The former One Direction member’s first gig of four at the venue this week – totalling six nights there across last summer and this – was more of an event than just a concert. Styles played an exquisite and seamless two-hour show, but everything happening around it in the stadium was just as important and gripping. Costumes were made, online friends met for the first time, fans held up signs asking Styles to help them come out as gay, and a heartwarming community came together to celebrate.
In recent weeks, stadium tours from Beyoncé and The Weeknd have rolled through the UK, both full to the brim with maximalist stage productions, choreographed routines and thematic throughlines. Styles’ Love On Tour show, meanwhile, is gimmick-free. The singer was wise to realise that the people in the crowd here were the real show as much as he himself.
“Feel free to be who you’ve always wanted to be in this room tonight,” he told the crowd half way through the set, with the request emphatically heeded. Before the chorus of Satellite kicked in, a hundred or so fans rushed in formation to the spacious back of the standing area in an organised routine. Forming a circle, they all then ran into the middle for the world’s kindest mosh pit. Later, a massive conga line formed, before fans lay on their backs en masse and stared at the night sky during Fine Line. To foster such a safe space for people to be so unashamedly themselves was Styles’ greatest feat.
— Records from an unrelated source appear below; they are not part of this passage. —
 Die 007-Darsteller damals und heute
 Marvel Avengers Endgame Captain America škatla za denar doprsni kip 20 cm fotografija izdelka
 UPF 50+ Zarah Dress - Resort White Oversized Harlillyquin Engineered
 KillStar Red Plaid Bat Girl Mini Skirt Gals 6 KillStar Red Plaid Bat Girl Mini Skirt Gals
In a setlist only lightly shuffled around from his shows at the venue last summer, Styles travelled from the classic rock leanings of his 2017 debut to last year’s tropical, groovy Harry’s House. Alongside an ecstatically received rendition of One Direction’s What Makes You Beautiful and the still-potent pop smash Watermelon Sugar, the show’s most affecting moment came on Matilda, with the heart-tugging acoustic number showing Styles’ vocals at their best as they ducked and weaved between harmonies from his excellent bandmates.
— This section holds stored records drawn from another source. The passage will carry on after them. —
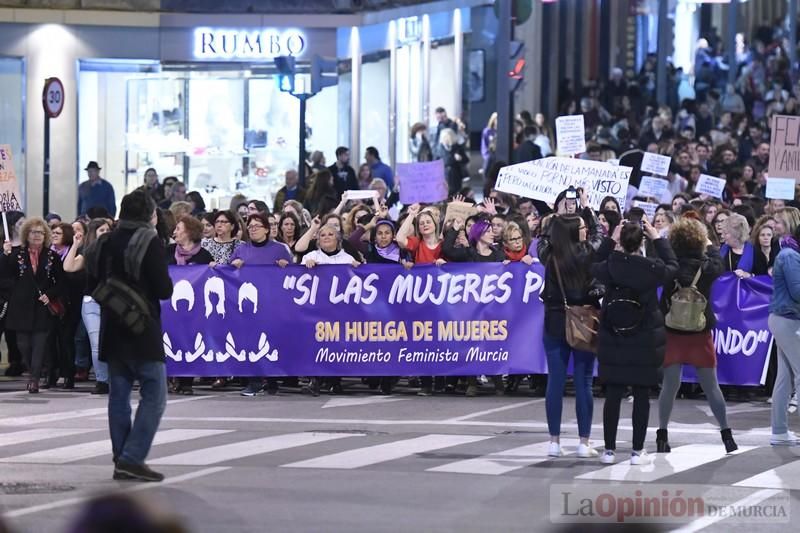 Manifestación por el Día de la Mujer en Murcia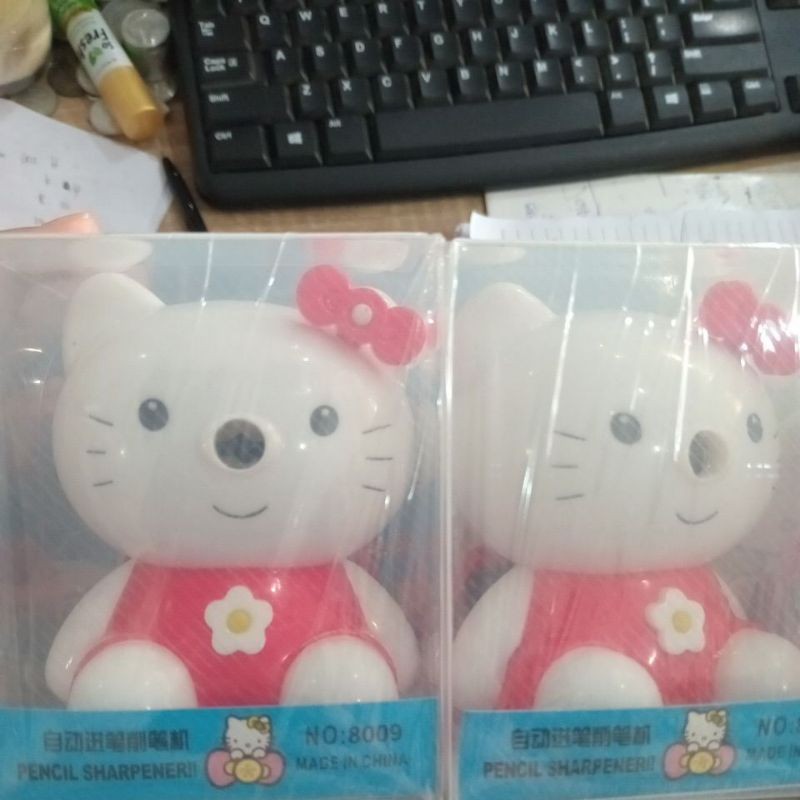 

(COD) Rautan Pensil Meja Puter Hello Kity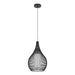 Buy Pendant Lights Australia RAZONI Pendant Light Black Steel Black Glass - 900828N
Rolling out largely the same show in the same venue for the second summer in a row also felt unimportant when such a hungry and unrelenting appetite for a spectacle this uncomplicated, joyful and life-affirming still exists. Running through As It Was, a song as glued to the top of the charts as last time he played Wembley, Styles barely sang a word. Instead, he let the crowd yell it for him, ending a show that felt like it was theirs all along.